When was the last time you looked at your naked body and liked what you saw?

Probably the last time you got a good night's sleep, too.

I've never really have given my body much thought; I was too tall to attract the boys' attention, so my body wasn't something I thought negatively or positively about.

Then I had a baby.

Abbie, 3 days old.

And another baby.
Charlton, a few hours old.

And one more baby.
Parry, one week old.

Let me tell you, I didn't like my body from the day I birthed Abbie onward.  The stretch marks-everywhere!  Thigh, stomach, breasts!  After nursing three babies a total of five years, my poor baby feeders look like limp gym socks, and no exercise will ever improve that.  The scars have faded over time from two c-sections, but the silvery lines on too stretched skin will always remain.  I was once just too tall, and now I was too marked.  Not one to obsess over what I couldn't change, I ignored my body.  I kept my weight in check (until the recent concussion) but I cared little for it.  It had served it's purpose in birthing three beautiful children, and had nourished them through babyhood.  Job well done, body.  Then I just ignored it...for the next twelve years.
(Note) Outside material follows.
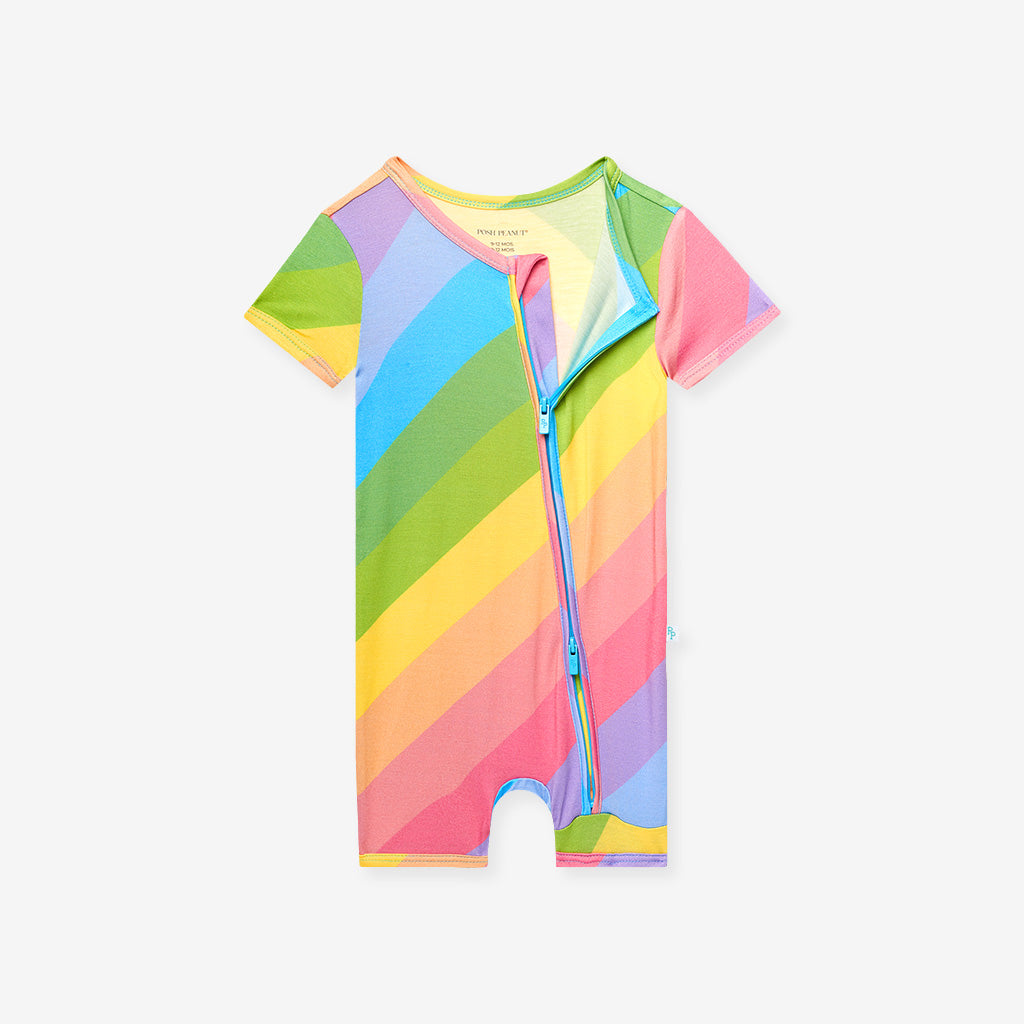 Rainbow Stripe Zippered Romper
February 2008, when things were good.

Oh, I did enjoy being thin; I'm not going to lie.  As I approached 40 I actually grew to like how I looked for my age; interestingly, that's when the "boys" started to notice.  Remember, I started the Quest not to lose weight (that is a non-David corrected lose there) but to regain my health.  Now, 8 weeks in and about 15lbs down, I'm looking differently at my body.  The marks no longer bother me.  What do I want it to look like?

Really?  You honestly think I'd post a picture?
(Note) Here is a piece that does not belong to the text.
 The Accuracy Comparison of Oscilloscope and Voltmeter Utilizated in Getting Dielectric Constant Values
I'm more than comfortable now with my baby brandings.  Nothing a good bra and spanx can't correct.

This is miracle stuff.

But the rest of it?  I *liked* seeing definition in my biceps.  I *love* having strong legs.  If the cellulite could be banished, I'd swear it was heaven.  I still need to do one good push-up (wait!  Let me go try!  Nope!) but my next goal...what does it look like?  Is it what my body can do, or what it looks like?

With my new body goal question in mind (because I had put on yoga pants, which are very unforgiving, and spanx aren't an option in them) I headed to yoga at the Adult Center with Katy.  I expected another lovely stretchy workout.  Wrong.
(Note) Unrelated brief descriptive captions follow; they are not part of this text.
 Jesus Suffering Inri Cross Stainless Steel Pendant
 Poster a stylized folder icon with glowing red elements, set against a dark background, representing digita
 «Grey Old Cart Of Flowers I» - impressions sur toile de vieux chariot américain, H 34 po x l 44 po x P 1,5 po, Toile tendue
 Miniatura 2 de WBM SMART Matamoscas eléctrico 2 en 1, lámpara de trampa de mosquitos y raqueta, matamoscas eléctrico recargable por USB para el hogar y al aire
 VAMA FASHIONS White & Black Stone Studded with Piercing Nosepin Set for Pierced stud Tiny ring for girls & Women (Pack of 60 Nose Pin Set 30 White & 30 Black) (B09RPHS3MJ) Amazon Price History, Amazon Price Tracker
Almost immediately, my stomach became upset.  Nausea and yoga are not a good mix, and I quickly grew very frustrated.  My mood blackened, and I dreaded the class immediately following at another studio.  I had trouble doing everything.

Just like Data in The Goonies.

I managed to muddle through, and hoped some fresh water and Tums might help.

I hoped blaring this night help, too.

At Vinyasa Studio I felt a little better, and I was assured this was a laid back class.

Unfortunately, it was hot yoga.

Not me.

The nausea returned quickly, complicated by the first song in the medley played.  My brain was overloaded with too much sensory, a byproduct of the concussion.  I felt the freaking air monster sneak up on me, and immediately focused on just breathing.  

I had no clue yoga could go south so quickly.

The South.  Sigh.

My body recovered; it may have been the lack of sleep, or some drainage in my ear.   I fell asleep during relaxation, startling awake when a bell sounded.  I felt much better with just the five minute nap I had snatched; Katy shared that falling asleep during relaxation is the equivalent to four times normal sleep.  No wonder I felt better; apparently my body thought it had a full twenty minutes.

Finishing up in restroom, I tried to finger comb my hair before I left the studio.

Do you see it?! UGH!

A long silver strand.


Grama used "chocolate kiss" by Loving Care.

I do the sensible thing, and pluck the offender.  Back to body goals.

Tired from a week of hiking, exercise and work, I drive home in silence.  What goal DO I have with my weight & body?  Do I need to have one right now?  I do want more strength, and the sculpting that naturally comes with it.  I do want to be cellulite free.  I'd like to be able to look at myself naked in the mirror and think- "well done."

But for now?

I still have to do a push-up.  That moves into primary position.

and

To touch my nose to my knees.  To gain flexibility.

I have but one man to present to this world....

Charlton just brought in this flower for me.  He found it growing by the driveway after hacking at shrubbery with an ax, just for fun.

Makes me think I'm doing something right.